:: PROBLEM ::
Write the listing out again exactly as it stands, with no images.

:: RECORDS PROVIDED ::
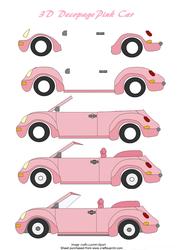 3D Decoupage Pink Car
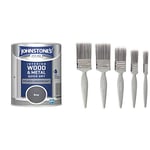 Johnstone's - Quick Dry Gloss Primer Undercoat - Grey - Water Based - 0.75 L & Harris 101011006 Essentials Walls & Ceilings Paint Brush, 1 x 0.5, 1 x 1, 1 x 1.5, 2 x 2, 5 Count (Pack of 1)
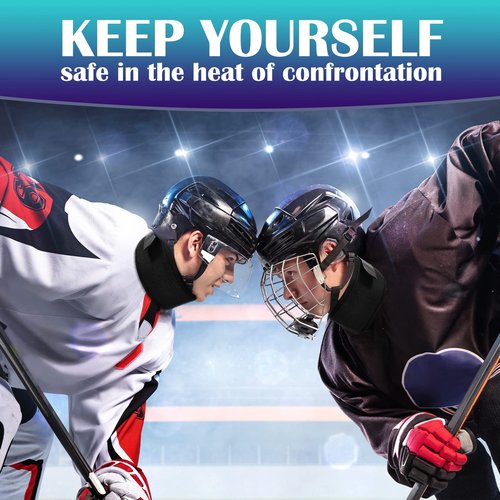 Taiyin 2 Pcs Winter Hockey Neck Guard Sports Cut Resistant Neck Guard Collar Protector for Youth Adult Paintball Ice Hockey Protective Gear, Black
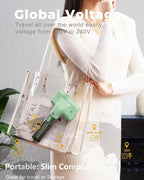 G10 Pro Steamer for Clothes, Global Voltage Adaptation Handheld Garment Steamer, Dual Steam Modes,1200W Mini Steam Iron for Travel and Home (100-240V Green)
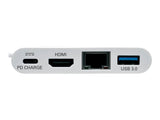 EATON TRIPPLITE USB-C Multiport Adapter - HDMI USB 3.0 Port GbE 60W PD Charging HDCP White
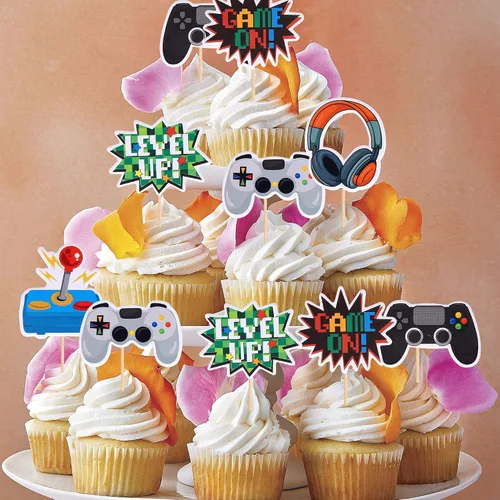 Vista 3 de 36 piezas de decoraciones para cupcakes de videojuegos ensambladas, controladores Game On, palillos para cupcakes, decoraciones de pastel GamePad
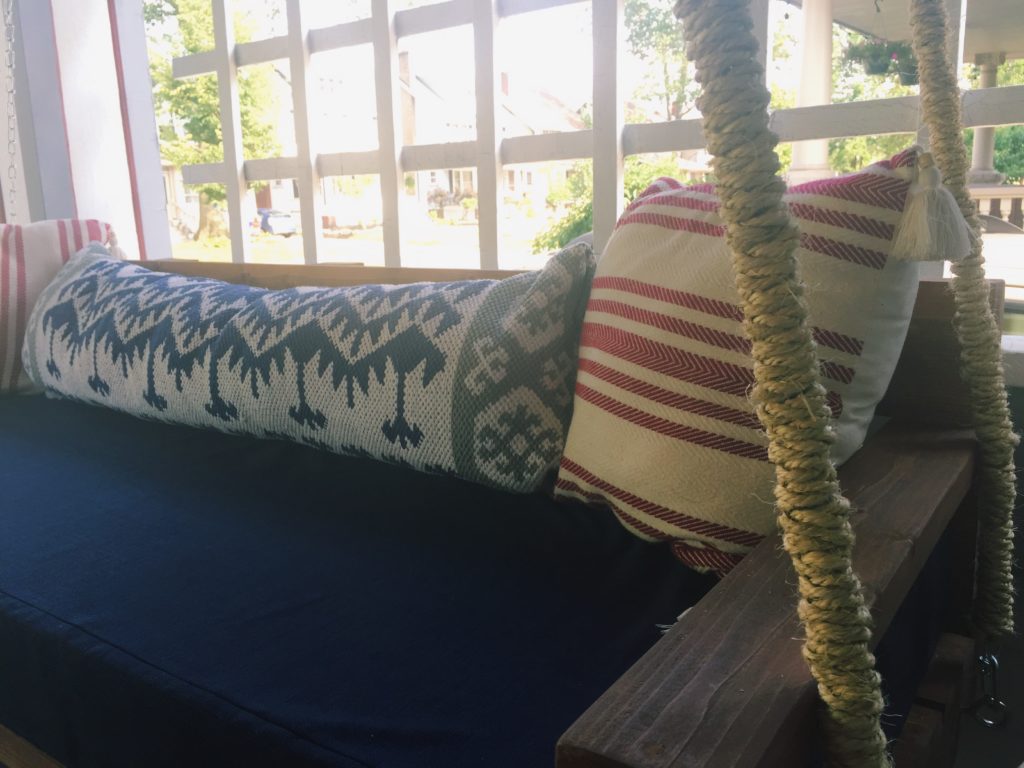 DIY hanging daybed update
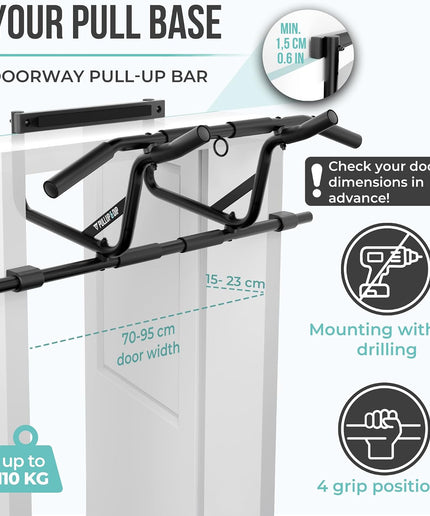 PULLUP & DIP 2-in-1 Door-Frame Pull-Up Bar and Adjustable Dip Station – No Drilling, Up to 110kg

:: SOLUTION FOR THIS TASK ::
 3D Decoupage Pink Car
 Johnstone's - Quick Dry Gloss Primer Undercoat - Grey - Water Based - 0.75 L & Harris 101011006 Essentials Walls & Ceilings Paint Brush, 1 x 0.5, 1 x 1, 1 x 1.5, 2 x 2, 5 Count (Pack of 1)
 Taiyin 2 Pcs Winter Hockey Neck Guard Sports Cut Resistant Neck Guard Collar Protector for Youth Adult Paintball Ice Hockey Protective Gear, Black
 G10 Pro Steamer for Clothes, Global Voltage Adaptation Handheld Garment Steamer, Dual Steam Modes,1200W Mini Steam Iron for Travel and Home (100-240V Green)
 EATON TRIPPLITE USB-C Multiport Adapter - HDMI USB 3.0 Port GbE 60W PD Charging HDCP White
 Vista 3 de 36 piezas de decoraciones para cupcakes de videojuegos ensambladas, controladores Game On, palillos para cupcakes, decoraciones de pastel GamePad
 DIY hanging daybed update
 PULLUP & DIP 2-in-1 Door-Frame Pull-Up Bar and Adjustable Dip Station – No Drilling, Up to 110kg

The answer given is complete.